Stop me if you've heard this one.
If My people who are called by My name humble themselves, and pray and seek My face and turn from their wicked ways, then I will hear from heaven and will forgive their sin and heal their land. (2 Chr 7:14)
Oh, yeah, lots of believers are hanging on to that one right now. I would, however, urge us to be careful. The text is a promise to Israel after the warning of God's judgment. We are not Israel. Our land is not promised land. We have no reason to believe that God will "heal our land" based on this text.

What, then? Let's look again. It turns out that verse 14 is the second half of a sentence that begins in verse 13. God speaking says, "When I shut up the heavens so that there is no rain, or command the locust to devour the land, or send pestilence among My people ... (2 Chr 7:13). Then we get that "if My people" text. Verse 14 is about God's people in the midst of God's judgment.

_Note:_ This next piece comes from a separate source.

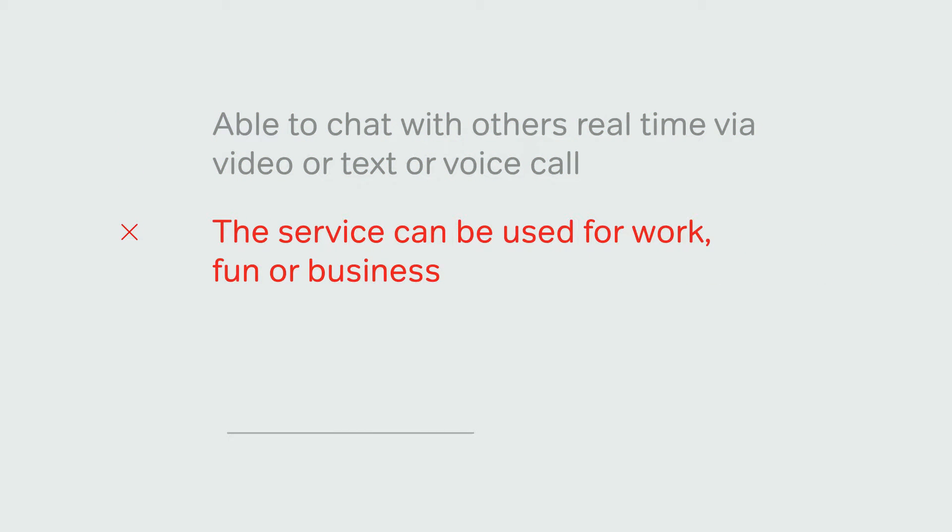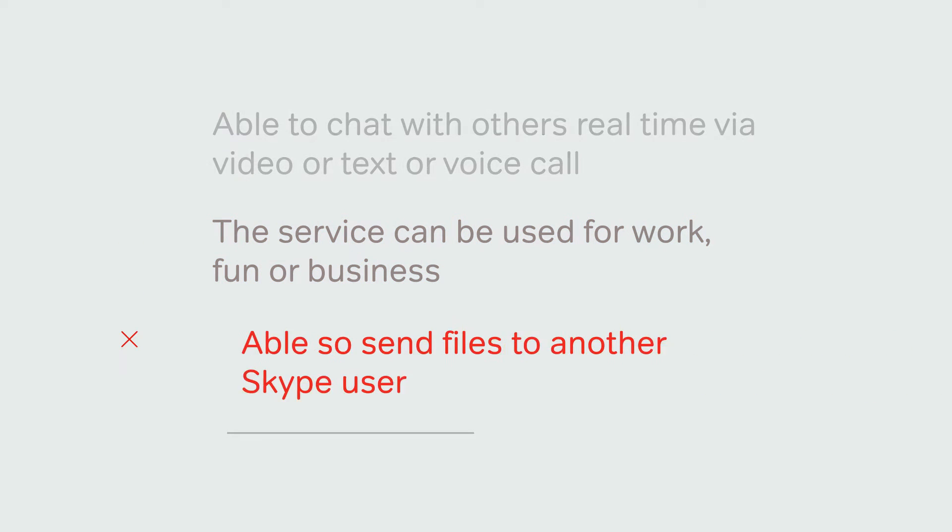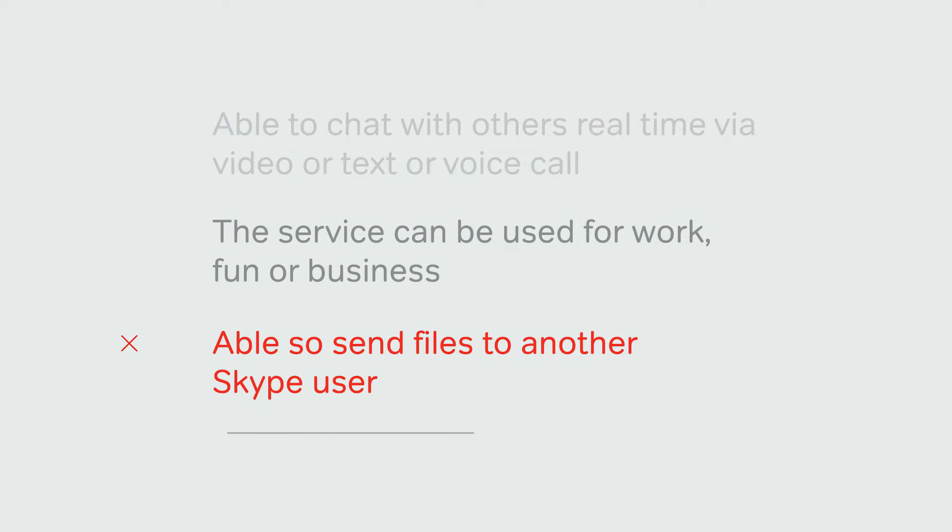The service can be used for business or leisure. You are also able to send files to another Skype user.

Verse 13 anticipates that God will stop the rain or command locust and pestilence. (Notice "When," not "if".) If you're going to hang your hat on this verse, you'd better be sure we are currently under God's judgment.

Regardless of the applicability of the promise to American Christians, there is, in fact, a real take-home message in this text. In the context, all Israel would be in the midst of this judgment -- both the godly ones and the ungodly ones. Notice, however, that God doesn't urge the believing ones to correct the unbelieving ones. He doesn't say, "Be sure to pass good laws and elect good leaders to get this straightened out." No. What God says is that His people should humble themselves first, then pray and seek His face and turn from their wicked ways. Whose wicked ways? The wicked ways that God's people have picked up from their surroundings. The wicked ways that believers have adopted because of their inattentiveness and compromising.

I think, unlike some, that the text has value to us today. I don't actually expect God to "heal their land" in some nationalistic sense. This isn't God's Promised Land. But I do believe that we need to look to ourselves. We need to take the log out of our own eye, so to speak. We need to humble ourselves rather than the Internet trolls that beset us. We need to pray. We need to seek a closer, more intimate, more personal relationship with God rather than our congressional representatives or the like. We need to repent. Do we ignore the sin out there. No, not if we love God and love others. But our primary focus in terms of correction needs to be us, not them. We are, after all, God's people. We should act like it.

5 comments:

Glenn E. Chatfield said...

I agree with your last paragraph. But the abuse of this passage for claiming it is the USA in the promise just drives me NUTS!!!

I even wrote an article demonstrating the proper context; not many comments on the blog but I got a lot of hate email!

Stan said...

Hate email? From Christians? That does not bode well ... for Christians.

Craig said...

I think your point that while the passage doesn't specifically relate to American Christians, that it does (as does all scripture) have some applicability.

Marshal Art said...

Doing as you indicate Scripture suggests does not preclude or mitigate our obligations as citizens to appeal to our reps. Indeed, if our appeal is provoked by our desire to improve our land for His sake, then we're doing as you indicate Scripture suggests. For after we look to ourselves and repent, acting as we're taught would include how we relate on a social and political level as well.

Stan said...

You're right, Art, we are to be good citizens of the place God puts us.